My problem is:
In how many ways you can arrange letters "AAAAFHIKNORRSY"
such that the first R is coming right after to the first A?
I know you can solve this problem with;
Think "AR" as one letter. We know that rest of the A and R letters will come after "AR", so first let's choose five spaces. Then put AR to the first space, then permute the other 4 letters, we'll have $\frac{4!}{3!}$ different permutations.
Example:
_ AR _ _ A _ A _ R _ A_ _
Then we can arrange rest of the letters in $8!$ ways.
So the answer is: $\binom{13}{5} * 8! * \frac{4!}{3!}$
What I am curious about is that, my first attempt was using the symmetry of combination.
So I've tried the following:
We're only interested in how "A" and "R" letters' ordered.
So let's permute them in the way we want.
First, we have "AAAARR", let's get an "AR" from here. Then the rest can be arranged in $\frac{4!}{3!} = 4$ ways, this is what we want.
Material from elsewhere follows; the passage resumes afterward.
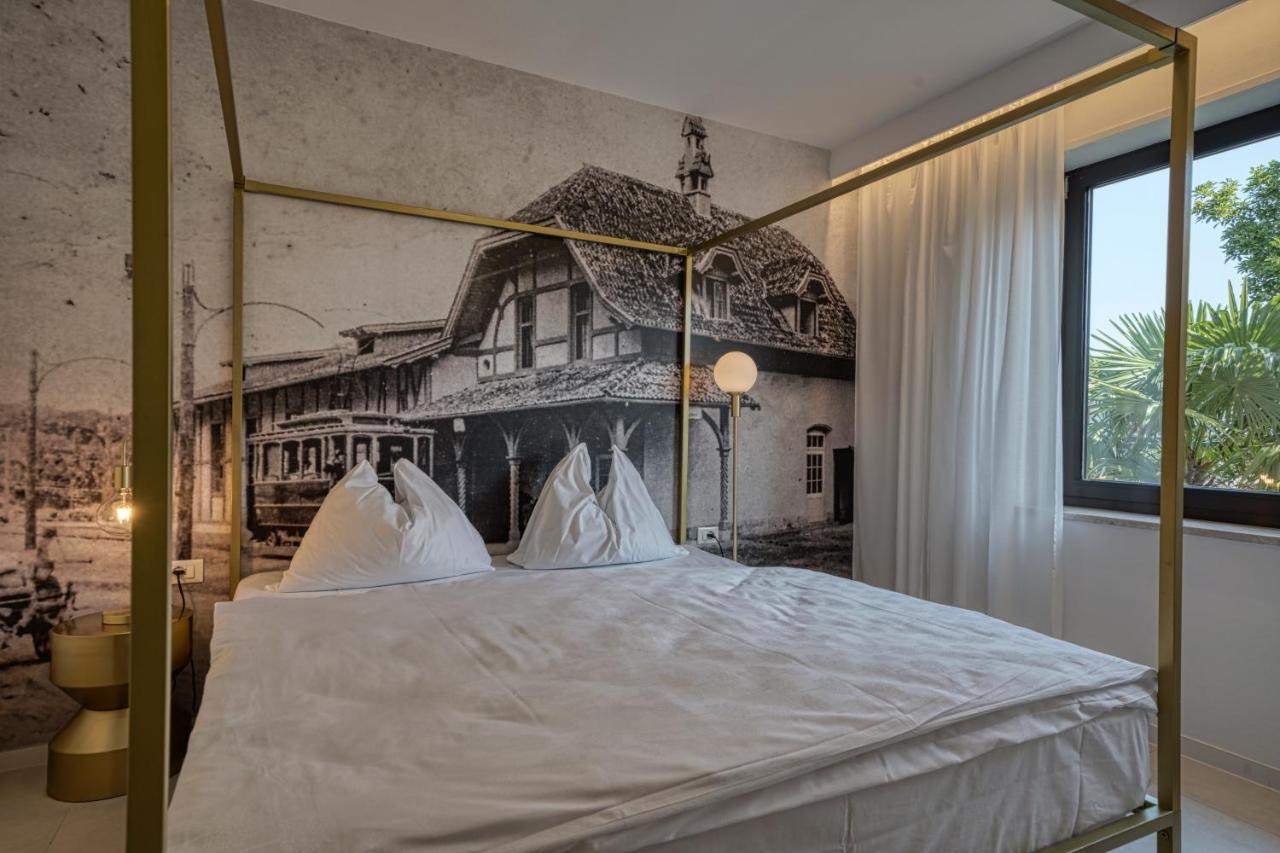 Goldfinger + Suites Lana Bagian luar foto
But in total, for all "A" and "R"s, we have $\frac{6!}{4! * 2!} = 15$ orders, therefore $\frac{4}{15}$.
So there are $\frac{14!}{4! * 2!}$ permutations for every letter in total, then, the answer should be $\frac{14!}{4! * 2!} * \frac{4}{15}$.
But unfortunately, it's not. I've solved few problems using this method, and they were true. What am I missing? Is this approach completely wrong?
Best Answer
The book answer is correct. Out of $13$ spots (counting $AR$ as single letter), it places the $8$ distinct digits first. In the remaining five spots, the very first spot is filled by $AR$ and the next four spots are filled in $4$ ways.
The second approach overcounts. It is also counting the words in which first $A$ and first $R$ are separate such as
$$\color{red}{A}FHI\color{red}{R}KNO\color{blue}{AAAR}SY$$
But we want the two letters adjacent.